Neo-Christine grüßt verletzte Schwestern

Justine Henin-Hardenne besiegt im Finale der US Open Kim Clijsters, obwohl sie am Abend zuvor noch am Tropf hing

NEW YORK taz ■ Am Schluss ging es nicht mehr um das nette, kleine Belgien oder um die verletzt fehlenden Williams-Schwestern, sondern ganz allein um den Willen und die Hingabe einer besonderen jungen Frau. Keine 20 Stunden, nachdem sie Jennifer Capriati in einem atemberaubenden Spiel über drei Stunden besiegt hatte, kehrte Justine Henin-Hardenne ins Arthur-Ashe-Stadion zurück, ging mit der gleichen Hingabe und dem gleichen Willen ins Finale gegen Kim Clijsters, gewann 7:5, 6:1 und damit ihren zweiten Grand-Slam-Titel.
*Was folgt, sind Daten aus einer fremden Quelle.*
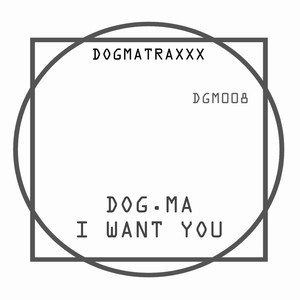 I Want You (Csk Dub)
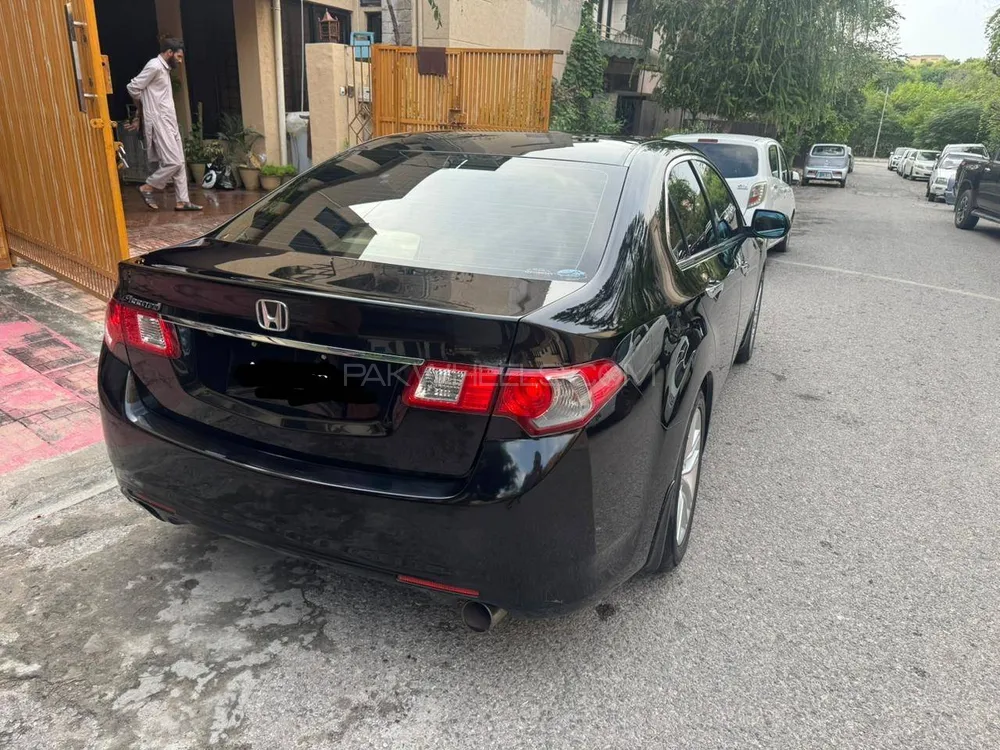 ہونڈا اکارڈ 2012 for Sale in راولپنڈی ہونڈا اکارڈ 2012 for Sale in راولپنڈی Image-9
Dieses Finale in New York war spannender und besser als jene Begegnung der beiden vor drei Monaten bei den French Open, aber es hielt keinen Vergleich stand mit jenem Feuerwerk am Abend zuvor. Im besten Spiel des Jahres servierte Capriati zweimal zum Match, zehnmal fehlten ihr nur noch zwei Pünktchen zum Sieg, doch Henin kämpfte, von Krämpfen geplagt, in des Wortes Sinne bis zum Umfallen. Als es vorbei war, stand der Zeiger der Uhr auf halb eins, danach hing Henin am Tropf, und bis sie später in ihrem Hotelbett in einen unruhigen, wirren Schlaf fand, war es kurz vor vier. Doch um die Mittagszeit schlug sie schon wieder die ersten Bälle, um zu testen, was dem strapazierten Körper zuzumuten sei.

Henin selbst ist immer noch überrascht, um wie viel stärker und ausdauernder sie jetzt ist als vor einem Jahr. Das knochenharte Fitnesstraining vor Saisonbeginn macht jenen Unterschied aus, den Clijsters so beschreibt: „Sie ist immer noch klein, aber sie ist kein zierliches Mädchen mehr.“ Mit den Muskeln, so Henin, sei in den langen Wochen in Saddlebrook an der Westküste Floridas auch das Verständnis für die amerikanische Mentalität gewachsen. Das habe ihr in New York geholfen.

Hier wie in Paris hat sie den größten Teil der Arbeit mit einem Sieg im Halbfinale erledigt, bei den French Open in einem viel diskutierten Spiel gegen Serena Williams. Seit diesem Triumph hat sie nur ein einziges Spiel verloren, das Halbfinale in Wimbledon gegen Venus Williams, danach gewann sie den Titel beim Turnier in San Diego und gleich noch einen hinterher in Toronto. In New York spielte sie so ungeheuer eindrucksvoll und stark, dass sie es sich leisten konnte, zu sagen: „Ich habe keine Angst mehr vor den harten Schlägen der anderen, weil ich nun selbst so spielen kann. Und ich denke, das wissen jetzt auch alle.“ Ein kleiner Gruß an die verletzten Schwestern.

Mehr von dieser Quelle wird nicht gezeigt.